- Date: March 8, 1992 – June 29, 1993
- Location: Malawi
- Caused by: Governmental corruption and hardships;
- Goals: Resignation of government of Hastings Kamuzu Banda; Fresh general elections;
- Methods: Demonstrations, Rallies, Marches, Strikes
- Result: Protests suppressed by force; End of government and overthrow of government; New constitution signed;

Deaths and injuries
- Deaths: 38

= 1992–1993 Malawian protests =

The 1992–1993 Malawian protests was mass demonstrations and violent protests in Malawi during which 38 are thought to have lost their lives. Student-led anti-government demonstrations were held in March, leaving 1 dead. Their main demand was to legalise political parties, end single-party rule, reinstate multiparty politics and get political prisoners released, particularly Chakufwa Chihana. President Hastings Kamuzu Banda ordered troops to disperse protesters. Riots, Rallies and Marches was organised in all areas to protest the government and centre their main demands.

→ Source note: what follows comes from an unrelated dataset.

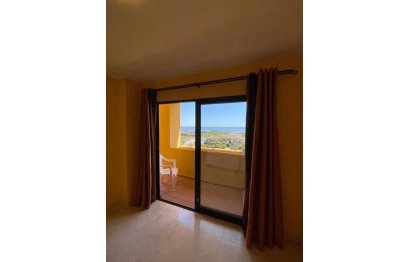 Resale - Apartment - Penthouse - Estepona - Selwo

In Zomba, police fired on protesters and students who threw stones and chanted slogans against the federal government. A series of pro-democracy campaigns spread nationwide as the military failed to contain the movement and widespread demonstrations organised by pro-democracy campaigners, who staged largely-bloodless disturbances and peaceful protest rallies. However, the response from the national police forces was violent and preventing physical actions of marches. 3000 workers went on strike, most of whom textile workers protesting the arrest of Chakufwa Chihana and demanded the release of all political prisoners. Opposition activists staged rallies in the nation and exiled activists staged protests as well.